O vice-presidente Geraldo Alckmin (PSB) fez os anúncios acompanhado dos ministros Carlos Fávaro, da Agricultura e Pecuária, Sidônio Palmeira, da Secretaria de Comunicação Social, Rui Costa, da Casa Civil, e Paulo Teixeira, do Desenvolvimento Agrário e Agricultura Familiar.
O governo decidiu zerar as alíquotas de importação de carne, açúcar, milho, biscoitos, massas, farinha, óleo de cozinha e azeite de oliva. Ainda na área tributária, haverá negociação com governadores para que os tributos sobre alimentos da cesta básica sejam zerados. Ainda há unidades da federação que cobram ICMS de alimentos básicos.
A equipe econômica do governo ainda fará o cálculo da renúncia fiscal decorrente das novas medidas.
Na questão regulatória, foi anunciada a aceleração do Sistema Brasileiro de Inspeção de Produtos de Origem Animal (Sisbi) para permitir abate sanitário municipalizado. O objetivo é ampliar a produção de leite, ovos e mel.
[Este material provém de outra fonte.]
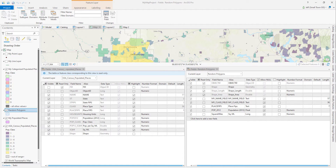If you remember from my previous video on copying and pasting features, I said that you had to make the field names and field types in your target layer match the field names and types in your source layer. That still works, but if the field properties don't match, you can still get the attributes to transfer.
Foi apresentado também uma nova versão do Plano Safra, para estímulo da produção, e também o fortalecimento da política de estoques reguladores.
Além disso, haverá uma parceria com a iniciativa privada para dar publicidade aos melhores preços, para estimular a disputa e ajudar o consumidor.
As medidas não têm prazo de validade. De acordo com o governo, ficarão vigentes até que haja redução significativa do preço dos alimentos.